What are the dimensions of the lightest open-top right circular cylindrical can that will hold a volume of 125 cm^3?

Mar 21, 2018

Radius of can =$3.4139 c m$, height of can=$3.4139 c m$

Explanation:

In answering this question it is assumed that the material from which the can is made has a uniform density and thickness , since the ' mass' of the can would depend both on the density and volume of the material from which it is made.

Volume of can= volume of cylinder= $\pi {r}^{2} h = 125 c {m}^{3}$......$\left[1\right]$

Surface area of can = $2 \pi r h + \pi {r}^{2}$

From ......$\left[1\right] ,$h=$\frac{125}{\pi {r}^{2}}$ and substituting this value for $h$ in .....$\left[1\right]$

Area=$\left[2 \pi r\right] \frac{125}{\pi {r}^{2}} + \pi {r}^{2}$, =$\left[\frac{250}{r} + \pi {r}^{2}\right]$......$\left[2\right]$

Differentiating ....$\left[2\right]$ with respect to $A$ [area], $\frac{\mathrm{dA}}{\mathrm{dx}}$ = -$\frac{250}{r} ^ 2 + 2 \pi r$ For max/min $\frac{\mathrm{dA}}{\mathrm{dx}} = 0$, i.e. $2 \pi r = \frac{250}{r} ^ 2$

solving this for $r$, $r = \frac{\sqrt[3]{250}}{2 \pi}$, which is $3.4139$ to four dec places.

Substituting this value for $r$ in.....$\left[1\right]$ will give the value of $h$.

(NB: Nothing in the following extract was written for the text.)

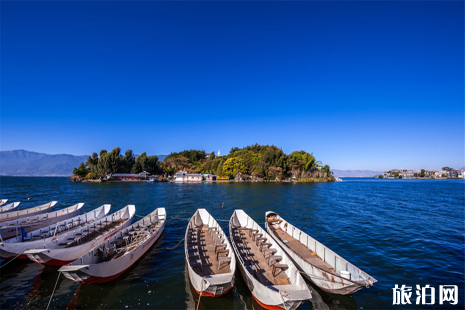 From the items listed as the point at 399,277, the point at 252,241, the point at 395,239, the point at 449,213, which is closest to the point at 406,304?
the point at 399,277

The second derivative ${d}^{2} \frac{A}{\mathrm{dx}} ^ 2$= $\frac{250}{r} ^ 3 + 2 \pi$ which is positive when $r$ =$3.4139$, and thus represents a min turning point on the area function. So the answers given will represent the dimensions required to minimise the surface area of the can and thus it's mass, subject to the assumptions made.